CHARLOTTE HORNETS (6-6): Pian piano, forse, qualcosa si muove. Finalmente, ma diciamolo a bassa voce, Charlotte ha dato qualche segno di vita. Tutto nasce dal buon momento di alcuni degli acquisti estivi che, terminato il processo di ambientamento, si stanno lasciando andare. Batum sembra quello dei giorni buoni a Portland: solido tatticamente e ordinato in difesa, pericoloso dall’arco e intenso anche in fase d’attacco (in novembre, oltre 18 punti di media). I due Jeremy che arrivano dalla panchina, Lamb e Lin, risultano spesso e volentieri tra i migliori realizzatori della squadra (rispettivamente, 12.5 e 11.8 punti di media). E’ soprattutto l’ex OKC a sorprendere. Finalmente, per lui e per chi gli ha sempre creduto, si sta levando di dosso le timidezze e gli impacci dei giorni in maglia Thunder. Per il resto beh, nulla di nuovo: tutti questi discorsi non varrebbero se, alla base, non ci fossero le buone performances di Walker e Jefferson, il duo di riferimento per coach Clifford.

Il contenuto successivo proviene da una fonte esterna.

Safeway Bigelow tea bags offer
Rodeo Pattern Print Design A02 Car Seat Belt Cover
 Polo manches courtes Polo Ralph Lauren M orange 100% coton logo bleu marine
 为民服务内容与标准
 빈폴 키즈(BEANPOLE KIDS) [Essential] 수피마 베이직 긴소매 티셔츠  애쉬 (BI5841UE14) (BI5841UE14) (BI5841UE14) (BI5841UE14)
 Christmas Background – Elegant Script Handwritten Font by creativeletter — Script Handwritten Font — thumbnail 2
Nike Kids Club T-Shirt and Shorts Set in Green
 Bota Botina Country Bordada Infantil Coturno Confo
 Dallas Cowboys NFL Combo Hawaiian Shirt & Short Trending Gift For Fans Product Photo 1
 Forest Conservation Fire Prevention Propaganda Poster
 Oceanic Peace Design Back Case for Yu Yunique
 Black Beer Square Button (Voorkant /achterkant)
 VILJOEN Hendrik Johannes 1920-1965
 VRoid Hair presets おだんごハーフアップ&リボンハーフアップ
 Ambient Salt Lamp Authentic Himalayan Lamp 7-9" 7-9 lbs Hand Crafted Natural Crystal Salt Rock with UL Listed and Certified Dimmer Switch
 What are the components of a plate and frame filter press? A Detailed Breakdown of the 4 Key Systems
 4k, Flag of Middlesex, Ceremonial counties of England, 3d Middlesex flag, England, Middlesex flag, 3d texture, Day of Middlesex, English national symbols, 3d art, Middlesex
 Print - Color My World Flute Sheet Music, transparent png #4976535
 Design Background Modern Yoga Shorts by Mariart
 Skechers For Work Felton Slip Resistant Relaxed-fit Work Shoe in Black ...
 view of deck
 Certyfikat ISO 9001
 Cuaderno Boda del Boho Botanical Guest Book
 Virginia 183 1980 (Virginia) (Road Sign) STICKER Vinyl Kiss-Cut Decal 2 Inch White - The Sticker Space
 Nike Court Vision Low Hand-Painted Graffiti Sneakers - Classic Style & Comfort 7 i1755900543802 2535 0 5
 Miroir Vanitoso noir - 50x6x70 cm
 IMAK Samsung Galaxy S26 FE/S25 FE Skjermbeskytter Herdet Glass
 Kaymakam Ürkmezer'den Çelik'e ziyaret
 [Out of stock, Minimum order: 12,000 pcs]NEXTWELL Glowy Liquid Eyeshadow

ORLANDO MAGIC (6-6): Anche Orlando strizza l’occhio al 50%. Accelerazione figlia della crescente amalgama tra i giovani interpreti e la filosofia di Scott Skiles. La stagione sarà un’altalena; quest’ultimo periodo, però, ha fatto registrare un momento di ‘alto’. In Florida dovranno ragionare così: day-by-day. Sconfitta con Pacers e Wizards che bruciano ma ci stanno, in particolare se compensate con i bei successi contro gli ostici Raptors e Jazz; poi la vittoria facilina con i 76ers e le sudate contro Minnie e Lakers, quando è stato il buzzer beater di Vucevic a riseolvere. Il tutto nel segno di un Tobias Harris tuttofare, un Fournier on fire più che mai e rimpiazzi che, quando chiamati in causa, si fanno trovare pronti. Come Payton, bravo a sopperire alla mancanza dell’acciaccato Oladipo, mentre Dedmon e Frye hanno fatto il possibile per sostituire Vucevic, out per un paio di gare (prima di ripresentarsi proprio nella serata del canestro vincente con LA).